Under the terms of Commissioner Silver's edict, Donald Sterling can never set foot again in the Clippers' offices, or slouch in his courtside seat at Staples Center. He is barred from their practice court. He is expelled from the NBA's Board of Governors.

The actual separation of Sterling and the Clippers franchise will not come for some time, until the other NBA owners can vote to force a sale. The process could take a while. Sterling could challenge the decision. He could sue.

But in their message, the Clippers—the players, the coaches, the trainers, the mortified staffers and the demoralized executives—just declared their independence, with a hefty assist from Silver, who just secured his legacy after only three months on the job.

The Clippers could take the court to night as I write this, for a critical playoff game against the Golden State Warriors, with clear minds, knowing that justice had been served, that their league would not tolerate a racist owner.

"On this day, Adam Silver is not only the owners' commissioner, he is the players' commissioner, and we're proud to call him our commissioner," said Sacramento Mayor Kevin Johnson, the former NBA star who is working with the players association.

A commissioner, like a president, does not get to choose the issues or the moments that define him. This crisis, which began when TMZ released an audiotape of Sterling making racist comments, threatened to tarnish Silver's tenure before it had really begun.

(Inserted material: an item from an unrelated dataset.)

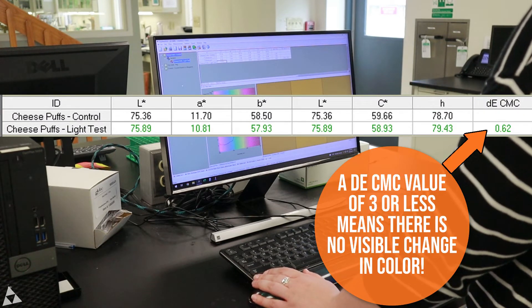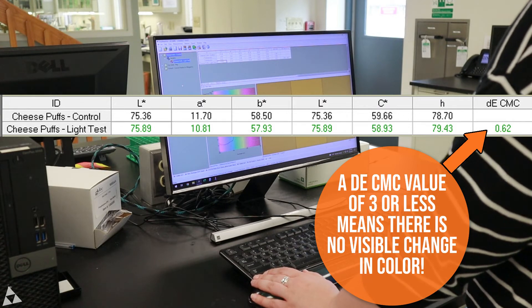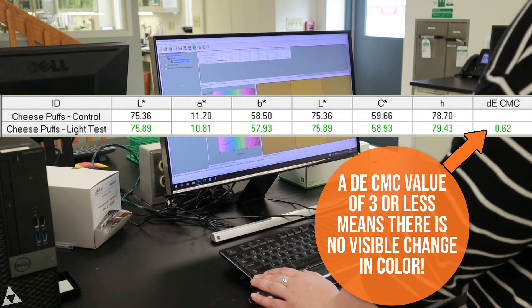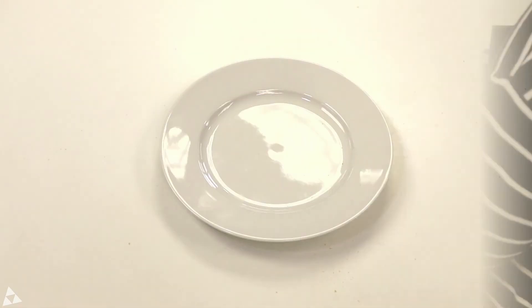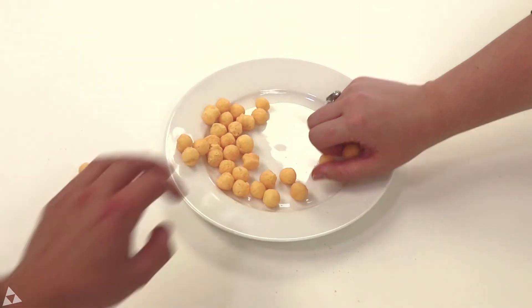We look at the dE CMC value, or the overall change in color. This compares the original color reading to the new color reading and tells if any color loss occurred during the test. As you can see, the before and after readings are extremely close, meaning the annatto color passed the light stability test.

Adam Silver happily spent his first three months on the job campaigning for a higher age requirement, flirting with new ideas about the draft lottery and the playoffs, and pushing for greater transparency in officiating. In a time of labor peace and generally strong TV ratings, Silver was free to indulge in visionary thinking.
Then came the audiotapes—first nine minutes and then 15 minutes of rambling bigotry, paranoia, self-delusion and latent misogyny. It hit the NBA like an anvil, disrupting a riveting first round of playoffs, dealing Silver his first great test.

"When I first heard it, I was shocked," Silver said in his news conference. "I was hoping somehow that it was fraudulent or that it had been doctored, that possibly it wasn't indeed Donald Sterling."
The league's investigation was brief, the conclusions unambiguous: Yes, that was Sterling's voice. No, the tape had not been doctored. Sterling admitted to all of it, though without expressing any sense of remorse or regret, Silver said.

Give  credit to Commisioner Silver with acting swiftly and boldly. The lifetime ban and the $2.5 million fine represent the maximum penalties the NBA commissioner can levy under league bylaws. The rest is up to the owners, with a three-fourths majority vote required to force Sterling to sell.

But Silver spoke with absolute clarity: He wants Sterling gone, whatever it takes, and whatever the legal risks might be. It was an aggressive stand, delivered with a righteous fury rarely seen from the lawyerly Silver.

"The views expressed by Mr. Sterling are deeply offensive and harmful," Silver said. "That they came from an NBA owner only heightens the damage and my personal outrage."

As he continued, Silver's tone grew edgier, angrier.

"I am personally distraught that the views expressed by Mr. Sterling came from within an institution that has historically taken such a leadership role in matters of race relations, and caused current and former players, coaches, fans and partners of the NBA to question their very association with the league," he said.

For now,I'll clap my hands...I have to admit...I thought that at best this guy was going to get a slap on the wrist....I am glad to be wrong...but there is no time for any parade.....There is lots of work to be done!